* Problem details: The data follows. Retype every entry exactly.

──────── Data in this exercise ────────

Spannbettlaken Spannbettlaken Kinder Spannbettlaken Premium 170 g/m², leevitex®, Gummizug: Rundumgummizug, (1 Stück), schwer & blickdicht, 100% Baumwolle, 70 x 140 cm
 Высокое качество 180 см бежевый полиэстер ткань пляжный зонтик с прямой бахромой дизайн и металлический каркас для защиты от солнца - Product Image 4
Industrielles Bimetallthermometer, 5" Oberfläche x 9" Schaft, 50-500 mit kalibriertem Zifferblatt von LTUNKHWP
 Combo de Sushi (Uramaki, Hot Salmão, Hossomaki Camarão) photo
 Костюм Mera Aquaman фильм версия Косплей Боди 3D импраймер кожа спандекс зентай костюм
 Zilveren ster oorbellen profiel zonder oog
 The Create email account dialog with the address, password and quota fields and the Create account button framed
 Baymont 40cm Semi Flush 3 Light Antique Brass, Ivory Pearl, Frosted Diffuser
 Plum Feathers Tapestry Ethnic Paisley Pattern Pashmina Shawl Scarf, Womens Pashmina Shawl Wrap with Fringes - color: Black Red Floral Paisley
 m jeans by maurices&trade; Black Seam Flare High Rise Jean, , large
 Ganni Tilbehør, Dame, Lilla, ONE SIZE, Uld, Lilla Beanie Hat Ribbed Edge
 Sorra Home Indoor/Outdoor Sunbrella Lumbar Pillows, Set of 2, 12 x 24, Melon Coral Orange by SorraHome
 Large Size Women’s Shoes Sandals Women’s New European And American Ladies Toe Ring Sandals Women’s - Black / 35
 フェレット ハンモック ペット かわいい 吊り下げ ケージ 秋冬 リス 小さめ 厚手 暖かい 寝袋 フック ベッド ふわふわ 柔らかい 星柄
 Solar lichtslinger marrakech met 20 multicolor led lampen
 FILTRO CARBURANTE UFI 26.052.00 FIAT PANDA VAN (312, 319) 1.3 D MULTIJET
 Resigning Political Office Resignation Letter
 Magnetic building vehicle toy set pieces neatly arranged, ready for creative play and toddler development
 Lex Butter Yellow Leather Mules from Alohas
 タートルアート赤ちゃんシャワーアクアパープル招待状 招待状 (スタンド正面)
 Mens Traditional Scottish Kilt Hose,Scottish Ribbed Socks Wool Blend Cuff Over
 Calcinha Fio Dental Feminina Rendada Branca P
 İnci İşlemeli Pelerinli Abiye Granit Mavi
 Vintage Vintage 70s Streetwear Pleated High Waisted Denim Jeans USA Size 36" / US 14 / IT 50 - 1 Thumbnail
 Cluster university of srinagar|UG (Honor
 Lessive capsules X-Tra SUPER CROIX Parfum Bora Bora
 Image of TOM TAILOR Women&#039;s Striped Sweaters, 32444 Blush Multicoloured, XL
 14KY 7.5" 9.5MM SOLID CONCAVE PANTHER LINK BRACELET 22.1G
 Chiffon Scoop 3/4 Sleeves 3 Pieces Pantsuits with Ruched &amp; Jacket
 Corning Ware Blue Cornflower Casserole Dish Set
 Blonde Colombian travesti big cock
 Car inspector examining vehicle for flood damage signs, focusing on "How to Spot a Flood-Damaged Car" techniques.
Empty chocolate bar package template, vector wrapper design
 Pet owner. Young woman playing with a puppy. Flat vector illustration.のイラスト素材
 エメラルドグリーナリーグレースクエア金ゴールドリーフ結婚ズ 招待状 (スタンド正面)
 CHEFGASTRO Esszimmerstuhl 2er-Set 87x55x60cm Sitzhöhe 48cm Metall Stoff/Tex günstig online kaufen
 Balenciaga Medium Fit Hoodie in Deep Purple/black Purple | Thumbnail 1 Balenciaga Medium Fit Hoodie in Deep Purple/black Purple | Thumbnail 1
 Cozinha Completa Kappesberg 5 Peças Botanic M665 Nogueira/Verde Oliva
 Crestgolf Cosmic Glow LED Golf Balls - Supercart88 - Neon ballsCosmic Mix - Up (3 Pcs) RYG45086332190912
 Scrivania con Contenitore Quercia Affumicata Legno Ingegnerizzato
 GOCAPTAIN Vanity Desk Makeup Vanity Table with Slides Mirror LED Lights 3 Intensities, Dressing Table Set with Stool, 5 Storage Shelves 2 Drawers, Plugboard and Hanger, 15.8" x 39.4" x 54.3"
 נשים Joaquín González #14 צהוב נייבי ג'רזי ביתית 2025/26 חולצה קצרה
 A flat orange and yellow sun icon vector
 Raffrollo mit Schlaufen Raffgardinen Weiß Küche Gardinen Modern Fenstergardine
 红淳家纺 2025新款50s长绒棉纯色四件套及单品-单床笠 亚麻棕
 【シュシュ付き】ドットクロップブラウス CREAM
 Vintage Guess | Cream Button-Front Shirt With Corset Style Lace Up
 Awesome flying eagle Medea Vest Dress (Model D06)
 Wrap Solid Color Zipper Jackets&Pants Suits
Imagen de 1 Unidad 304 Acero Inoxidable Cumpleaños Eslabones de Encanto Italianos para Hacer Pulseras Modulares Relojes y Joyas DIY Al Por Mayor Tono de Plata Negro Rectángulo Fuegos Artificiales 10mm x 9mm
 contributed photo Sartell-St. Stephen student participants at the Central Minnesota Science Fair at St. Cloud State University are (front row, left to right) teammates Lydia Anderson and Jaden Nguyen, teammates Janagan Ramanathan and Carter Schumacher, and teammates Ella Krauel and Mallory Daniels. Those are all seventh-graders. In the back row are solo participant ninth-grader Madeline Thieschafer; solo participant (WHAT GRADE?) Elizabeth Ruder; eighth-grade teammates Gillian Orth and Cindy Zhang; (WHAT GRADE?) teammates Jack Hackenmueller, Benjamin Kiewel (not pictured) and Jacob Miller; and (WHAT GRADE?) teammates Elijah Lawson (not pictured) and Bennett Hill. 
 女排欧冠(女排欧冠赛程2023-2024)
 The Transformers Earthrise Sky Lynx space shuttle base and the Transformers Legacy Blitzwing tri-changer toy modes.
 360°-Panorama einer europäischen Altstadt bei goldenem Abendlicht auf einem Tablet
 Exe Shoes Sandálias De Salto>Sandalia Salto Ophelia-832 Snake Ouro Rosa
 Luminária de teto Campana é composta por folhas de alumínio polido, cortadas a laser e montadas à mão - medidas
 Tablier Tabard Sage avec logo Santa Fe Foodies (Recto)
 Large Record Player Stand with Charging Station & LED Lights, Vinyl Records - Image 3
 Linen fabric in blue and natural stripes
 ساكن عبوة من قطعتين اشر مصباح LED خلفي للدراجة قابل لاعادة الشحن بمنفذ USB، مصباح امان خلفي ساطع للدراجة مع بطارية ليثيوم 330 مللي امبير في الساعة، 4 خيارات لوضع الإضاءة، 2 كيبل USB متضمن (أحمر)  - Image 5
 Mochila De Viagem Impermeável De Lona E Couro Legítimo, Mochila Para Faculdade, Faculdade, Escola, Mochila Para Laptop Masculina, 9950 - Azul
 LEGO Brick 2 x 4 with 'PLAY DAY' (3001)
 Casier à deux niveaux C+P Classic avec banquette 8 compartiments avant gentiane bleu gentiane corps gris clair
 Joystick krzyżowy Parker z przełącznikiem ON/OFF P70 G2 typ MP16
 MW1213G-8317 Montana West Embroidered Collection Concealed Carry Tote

────────

* Response area:
Spannbettlaken Spannbettlaken Kinder Spannbettlaken Premium 170 g/m², leevitex®, Gummizug: Rundumgummizug, (1 Stück), schwer & blickdicht, 100% Baumwolle, 70 x 140 cm
 Высокое качество 180 см бежевый полиэстер ткань пляжный зонтик с прямой бахромой дизайн и металлический каркас для защиты от солнца - Product Image 4
Industrielles Bimetallthermometer, 5" Oberfläche x 9" Schaft, 50-500 mit kalibriertem Zifferblatt von LTUNKHWP
 Combo de Sushi (Uramaki, Hot Salmão, Hossomaki Camarão) photo
 Костюм Mera Aquaman фильм версия Косплей Боди 3D импраймер кожа спандекс зентай костюм
 Zilveren ster oorbellen profiel zonder oog
 The Create email account dialog with the address, password and quota fields and the Create account button framed
 Baymont 40cm Semi Flush 3 Light Antique Brass, Ivory Pearl, Frosted Diffuser
 Plum Feathers Tapestry Ethnic Paisley Pattern Pashmina Shawl Scarf, Womens Pashmina Shawl Wrap with Fringes - color: Black Red Floral Paisley
 m jeans by maurices&trade; Black Seam Flare High Rise Jean, , large
 Ganni Tilbehør, Dame, Lilla, ONE SIZE, Uld, Lilla Beanie Hat Ribbed Edge
 Sorra Home Indoor/Outdoor Sunbrella Lumbar Pillows, Set of 2, 12 x 24, Melon Coral Orange by SorraHome
 Large Size Women’s Shoes Sandals Women’s New European And American Ladies Toe Ring Sandals Women’s - Black / 35
 フェレット ハンモック ペット かわいい 吊り下げ ケージ 秋冬 リス 小さめ 厚手 暖かい 寝袋 フック ベッド ふわふわ 柔らかい 星柄
 Solar lichtslinger marrakech met 20 multicolor led lampen
 FILTRO CARBURANTE UFI 26.052.00 FIAT PANDA VAN (312, 319) 1.3 D MULTIJET
 Resigning Political Office Resignation Letter
 Magnetic building vehicle toy set pieces neatly arranged, ready for creative play and toddler development
 Lex Butter Yellow Leather Mules from Alohas
 タートルアート赤ちゃんシャワーアクアパープル招待状 招待状 (スタンド正面)
 Mens Traditional Scottish Kilt Hose,Scottish Ribbed Socks Wool Blend Cuff Over
 Calcinha Fio Dental Feminina Rendada Branca P
 İnci İşlemeli Pelerinli Abiye Granit Mavi
 Vintage Vintage 70s Streetwear Pleated High Waisted Denim Jeans USA Size 36" / US 14 / IT 50 - 1 Thumbnail
 Cluster university of srinagar|UG (Honor
 Lessive capsules X-Tra SUPER CROIX Parfum Bora Bora
 Image of TOM TAILOR Women&#039;s Striped Sweaters, 32444 Blush Multicoloured, XL
 14KY 7.5" 9.5MM SOLID CONCAVE PANTHER LINK BRACELET 22.1G
 Chiffon Scoop 3/4 Sleeves 3 Pieces Pantsuits with Ruched &amp; Jacket
 Corning Ware Blue Cornflower Casserole Dish Set
 Blonde Colombian travesti big cock
 Car inspector examining vehicle for flood damage signs, focusing on "How to Spot a Flood-Damaged Car" techniques.
Empty chocolate bar package template, vector wrapper design
 Pet owner. Young woman playing with a puppy. Flat vector illustration.のイラスト素材
 エメラルドグリーナリーグレースクエア金ゴールドリーフ結婚ズ 招待状 (スタンド正面)
 CHEFGASTRO Esszimmerstuhl 2er-Set 87x55x60cm Sitzhöhe 48cm Metall Stoff/Tex günstig online kaufen
 Balenciaga Medium Fit Hoodie in Deep Purple/black Purple | Thumbnail 1 Balenciaga Medium Fit Hoodie in Deep Purple/black Purple | Thumbnail 1
 Cozinha Completa Kappesberg 5 Peças Botanic M665 Nogueira/Verde Oliva
 Crestgolf Cosmic Glow LED Golf Balls - Supercart88 - Neon ballsCosmic Mix - Up (3 Pcs) RYG45086332190912
 Scrivania con Contenitore Quercia Affumicata Legno Ingegnerizzato
 GOCAPTAIN Vanity Desk Makeup Vanity Table with Slides Mirror LED Lights 3 Intensities, Dressing Table Set with Stool, 5 Storage Shelves 2 Drawers, Plugboard and Hanger, 15.8" x 39.4" x 54.3"
 נשים Joaquín González #14 צהוב נייבי ג'רזי ביתית 2025/26 חולצה קצרה
 A flat orange and yellow sun icon vector
 Raffrollo mit Schlaufen Raffgardinen Weiß Küche Gardinen Modern Fenstergardine
 红淳家纺 2025新款50s长绒棉纯色四件套及单品-单床笠 亚麻棕
 【シュシュ付き】ドットクロップブラウス CREAM
 Vintage Guess | Cream Button-Front Shirt With Corset Style Lace Up
 Awesome flying eagle Medea Vest Dress (Model D06)
 Wrap Solid Color Zipper Jackets&Pants Suits
Imagen de 1 Unidad 304 Acero Inoxidable Cumpleaños Eslabones de Encanto Italianos para Hacer Pulseras Modulares Relojes y Joyas DIY Al Por Mayor Tono de Plata Negro Rectángulo Fuegos Artificiales 10mm x 9mm
 contributed photo Sartell-St. Stephen student participants at the Central Minnesota Science Fair at St. Cloud State University are (front row, left to right) teammates Lydia Anderson and Jaden Nguyen, teammates Janagan Ramanathan and Carter Schumacher, and teammates Ella Krauel and Mallory Daniels. Those are all seventh-graders. In the back row are solo participant ninth-grader Madeline Thieschafer; solo participant (WHAT GRADE?) Elizabeth Ruder; eighth-grade teammates Gillian Orth and Cindy Zhang; (WHAT GRADE?) teammates Jack Hackenmueller, Benjamin Kiewel (not pictured) and Jacob Miller; and (WHAT GRADE?) teammates Elijah Lawson (not pictured) and Bennett Hill. 
 女排欧冠(女排欧冠赛程2023-2024)
 The Transformers Earthrise Sky Lynx space shuttle base and the Transformers Legacy Blitzwing tri-changer toy modes.
 360°-Panorama einer europäischen Altstadt bei goldenem Abendlicht auf einem Tablet
 Exe Shoes Sandálias De Salto>Sandalia Salto Ophelia-832 Snake Ouro Rosa
 Luminária de teto Campana é composta por folhas de alumínio polido, cortadas a laser e montadas à mão - medidas
 Tablier Tabard Sage avec logo Santa Fe Foodies (Recto)
 Large Record Player Stand with Charging Station & LED Lights, Vinyl Records - Image 3
 Linen fabric in blue and natural stripes
 ساكن عبوة من قطعتين اشر مصباح LED خلفي للدراجة قابل لاعادة الشحن بمنفذ USB، مصباح امان خلفي ساطع للدراجة مع بطارية ليثيوم 330 مللي امبير في الساعة، 4 خيارات لوضع الإضاءة، 2 كيبل USB متضمن (أحمر)  - Image 5
 Mochila De Viagem Impermeável De Lona E Couro Legítimo, Mochila Para Faculdade, Faculdade, Escola, Mochila Para Laptop Masculina, 9950 - Azul
 LEGO Brick 2 x 4 with 'PLAY DAY' (3001)
 Casier à deux niveaux C+P Classic avec banquette 8 compartiments avant gentiane bleu gentiane corps gris clair
 Joystick krzyżowy Parker z przełącznikiem ON/OFF P70 G2 typ MP16
 MW1213G-8317 Montana West Embroidered Collection Concealed Carry Tote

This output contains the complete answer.